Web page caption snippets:
────────────────────────────────────────

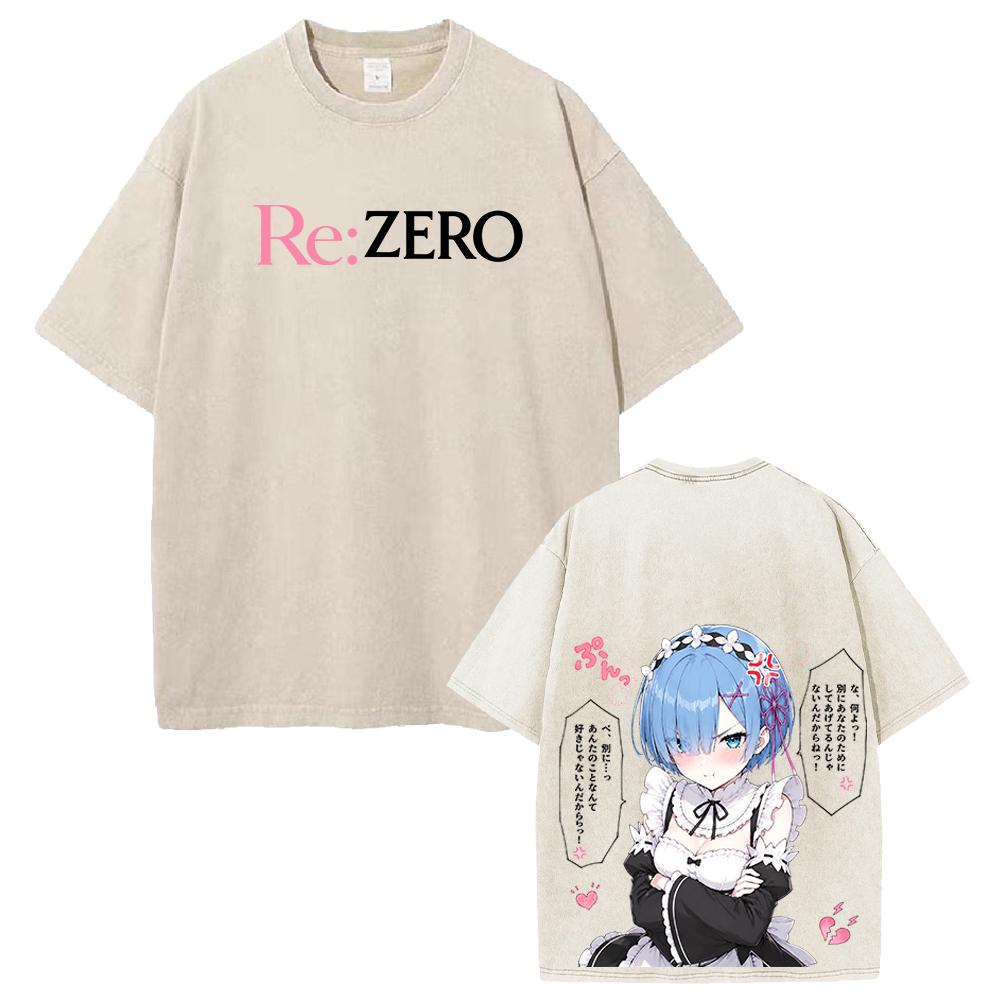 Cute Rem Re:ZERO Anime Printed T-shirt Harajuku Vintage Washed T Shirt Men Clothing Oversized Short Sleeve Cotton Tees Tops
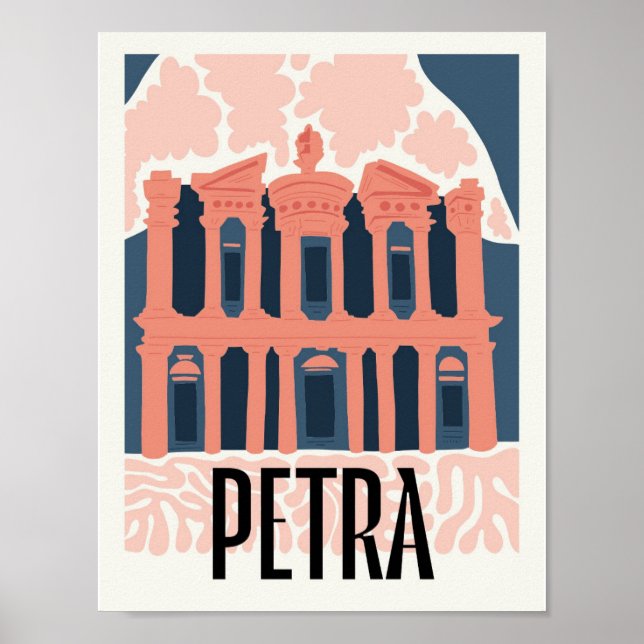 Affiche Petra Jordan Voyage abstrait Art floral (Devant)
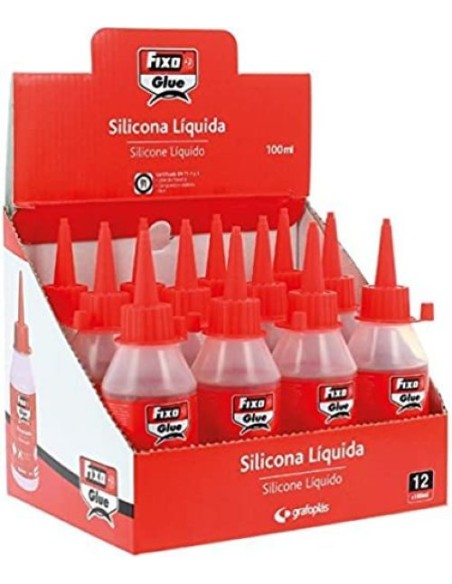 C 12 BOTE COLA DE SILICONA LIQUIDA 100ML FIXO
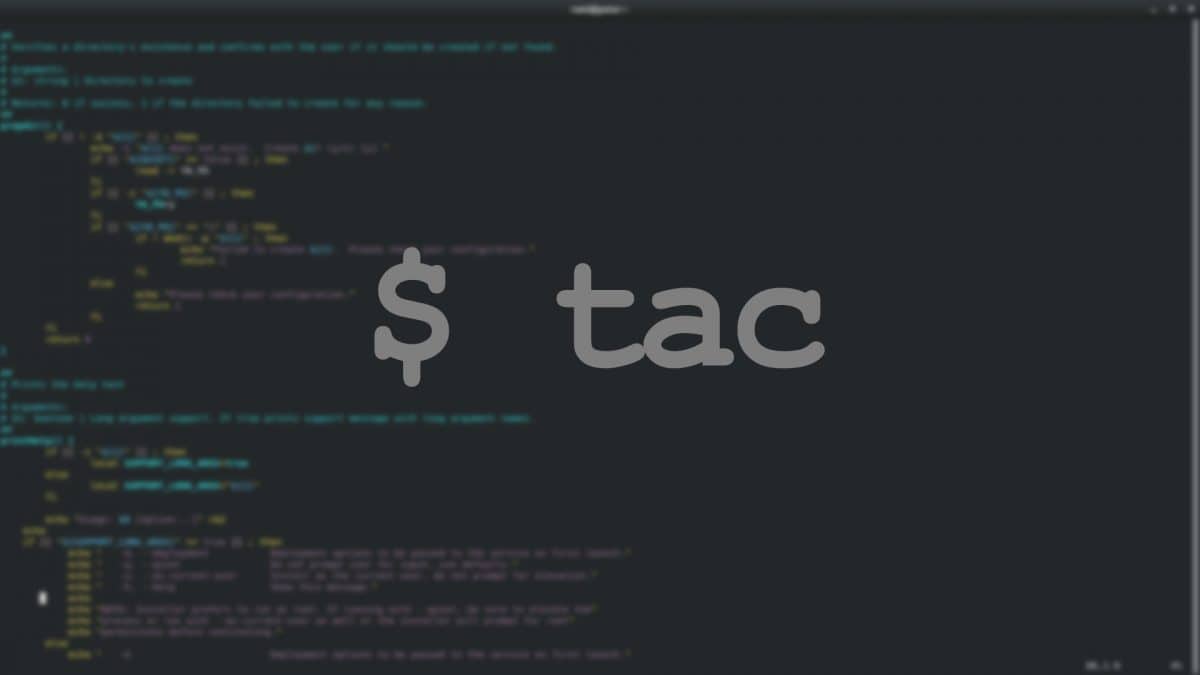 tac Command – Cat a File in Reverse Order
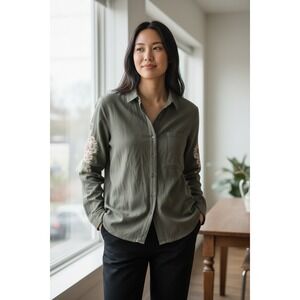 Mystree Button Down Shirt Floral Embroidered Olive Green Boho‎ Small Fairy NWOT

────────────────────────────────────────

Each entry above should be printed exactly, and any picture in it left out.

 Cute Rem Re:ZERO Anime Printed T-shirt Harajuku Vintage Washed T Shirt Men Clothing Oversized Short Sleeve Cotton Tees Tops
 Affiche Petra Jordan Voyage abstrait Art floral (Devant)
 C 12 BOTE COLA DE SILICONA LIQUIDA 100ML FIXO
 tac Command – Cat a File in Reverse Order
 Mystree Button Down Shirt Floral Embroidered Olive Green Boho‎ Small Fairy NWOT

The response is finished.